In Fake Colours, you have to move three colored blocks into their glowing colored space. Once you accomplish this, the stage ends and you are then graded on how quickly and how efficiently you completed it. Mechanically, it sounds easy but the game requires that colors can only move on spaces of the same color. Its simplistic, core idea is easy to grasp and the challenge comes from the level layouts themselves.
Hue Up For a Challenge?
There are 30 levels in the game that get progressively more difficult. Aesthetically, levels look the same but are varied enough to the point that they don’t feel the same to play. Early levels get you well situated with the game but by level 14 the game starts to get tougher. Overall, it’s definitely not an easy puzzle game.
You’ll do a lot of using certain blocks as bridges, which means that you can climb onto different colored blocks to help you get over spaces that are spaces a certain colored block can’t touch. The game can get real tricky when it adds spaces that change a block’s color or blocks that are stacked onto each other which can add more complexity. There is only one right way to complete a puzzle, which is limiting and makes the game a lot more about trial and error instead of a earning a serendipitous feeling of accomplishment.
The problem with Fake Colours lies both in its camera and controls; I felt like I could never get a good view of levels or a great handle on controlling the blocks. You have to press E to move the camera left and R to move it right, and it doesn’t move smoothly, but rather in 90 degree turns. When the camera controls are mapped to those two buttons and you are moving the blocks with WASD, it’s really awkward. The game also requires that in order to switch to a different colored block you have to click on it first, so sometimes blocks are out of view and you have to move the camera until they are in view in order to click on it; or simply click on the out of the way N key.

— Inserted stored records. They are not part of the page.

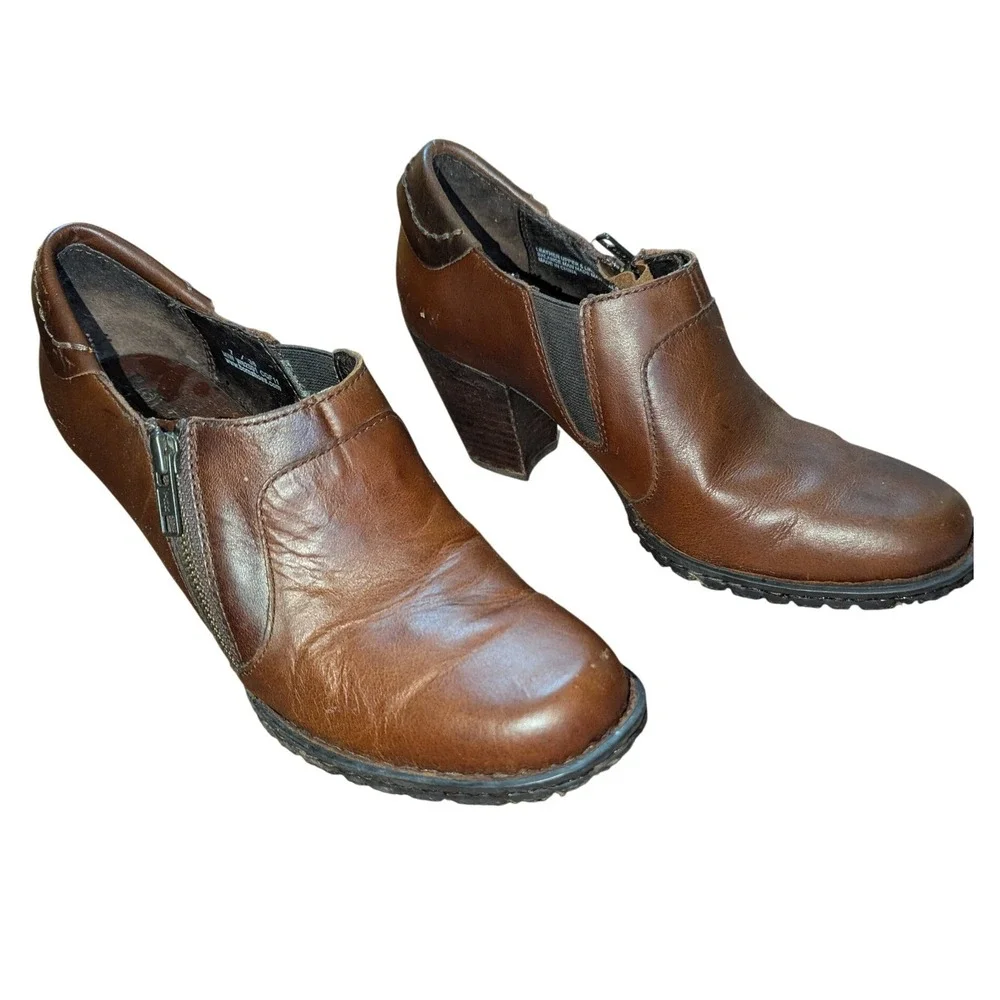 Born Caramel Brown Leather Ankle Booties Side Zip Stacked Heel Womens 7‎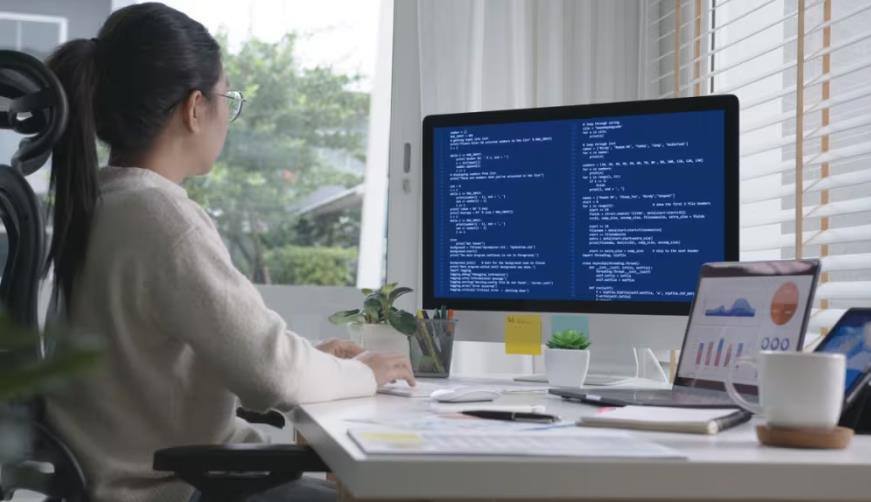 乌尔禾区企业数字化解决方案：机器学习赋能商业模式升级的核心路径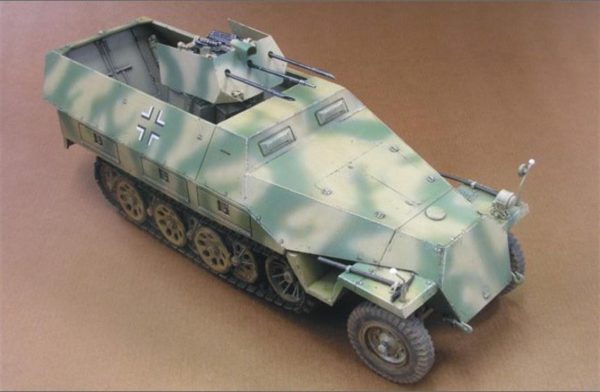 Sdkfz.251/21 Ausf.D Drilling Uçaksavar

There is also no way move the view of the playfield up or down. When the game introduces stacked blocks, it makes things a lot more difficult to see. In my opinion, the game would have benefited from a smooth rotating, mouse controlled camera.
Visually the game is very bland. Levels have the same look to them so the game ends up feeling unexciting as a result. The game’s music is very relaxing (if a little bland), which in a way makes the game feel a bit more subdued.
Though the control issues and fixed viewpoints detract from the overall experience, the puzzle solving portion is still solid and challenging. If you’re interested in a puzzle solving game without a lot of gloss, I’d recommend Fake Colours.